The reforms proposed by the ECB aim to simplify banking supervision and reduce administrative burdens, without relaxing resilience standards, through a multi-annual SREP model, accelerated procedures, and a more proportional reporting framework.
Brussels, December 11, 2025 - The European Central Bank has presented an extensive agenda for banking supervision reform, aiming to simplify assessments, reduce reporting, and accelerate the decision-making process starting in 2026. The Governing Council has approved a parallel set of legislative recommendations aimed at reorganizing capital buffers and creating a single European reporting system.
In short
The ECB is transforming the SREP process into a multi-annual model focused on material risks.
Supervisory decisions will be adopted more quickly through delegation and automation.
Reporting is simplified by reducing obligations and introducing materiality thresholds.
Stress tests become more proportional and less burdensome.
The ESRB proposes the elimination of about 30 legal obligations without macroprudential relevance.
The Governing Council recommends restructuring capital buffers and a single reporting regime in the EU.
The ECB report "Streamlining supervision, safeguarding resilience" shows that, starting in 2026, the SREP prudential assessment will no longer cover all risks for each bank annually, but will operate on the basis of a multi-annual cycle, with analyses tailored according to the institution's profile and emerging risks. The new approach allows Joint Supervisory Teams to focus on areas with real impact and reduce the volume of administrative measures.
The reformed SREP includes clearer assessments, earlier communication with banks, more stable methodologies, and extensive use of digital tools for automating operational stages. The ECB emphasizes that simplification does not change resilience standards but serves to enhance the capacity to respond to risks such as cyberattacks, market changes, or digitalization.
The ECB will expand the delegation framework so that a larger portion of current decisions — including fit-and-proper assessments and authorizations — can be adopted more quickly, in line with IMF recommendations on European supervision. The new procedures will reduce processing time, supporting more stable governance in supervised institutions.
For low-risk transactions affecting capital, the ECB introduces a "fast-track" process that will allow decisions to be finalized in about two weeks, alongside the implementation of dedicated digital infrastructure.

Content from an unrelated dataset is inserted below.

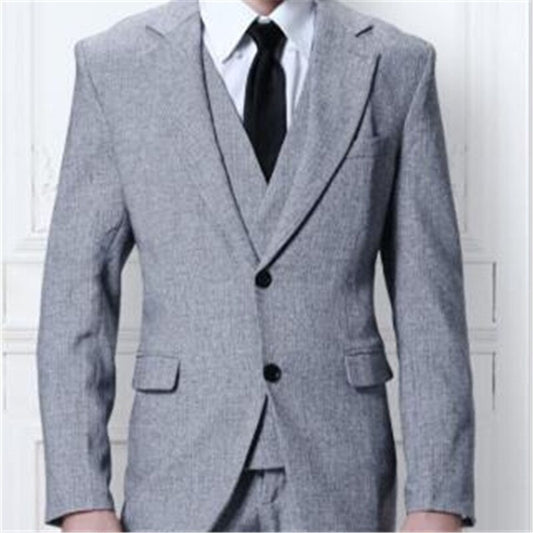 Grey Woolen Tweed Men Suits For Wedding 3Pcs Jacket+Pants+Vest Slim Fit Terno Party Wear Blazer Trousers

The standardized model of applications and the automation of decision project generation will reduce the administrative burden for both banks and supervisors.
The ECB will reduce the complexity of stress test exercises by increasing proportionality and using more flexible analytics, including exploratory scenarios and internal ICAAP tools when justified. In view of the 2027 EU exercise, the ECB is collaborating with the EBA to simplify templates and better align reporting with actual supervisory needs.
In terms of reporting, the ECB is preparing a significant reduction in obligations, including a decrease in the "Short Term Exercise" package for 2026 by about 18.5%, as well as periodic assessments to eliminate redundant requirements. A new system will introduce materiality thresholds for minor errors, reducing the obligation to resubmit data when the impact is insignificant.
According to the ESRB letter of October 31, 2025, approximately 90 additional obligations are assigned to them by EU legislation, of which about 30 have no systemic relevance and can be eliminated through legislative changes. In many cases, the ESRB is required to provide opinions or consultations in situations with limited impact, which generates unnecessary resource consumption.
The ESRB assessment proposes the abandonment of these obligations and the reorganization of provisions in CRR, CRD, EMIR, or Solvency II, so that its involvement remains focused on preventing systemic risks.
The recommendations sent to the European Commission include reorganizing the structure of capital buffers, reducing the leverage ratio framework, and extending the special regime for small banks, through harmonized criteria and simplified rules. The EU-level reporting system should, in the ECB's vision, allow banks to report once for all relevant authorities, and a complete review of requirements should be conducted every three to five years.
The Governing Council also encourages the completion of the banking union and the transition of key legislation from directives to regulations, to reduce fragmentation in application across member states.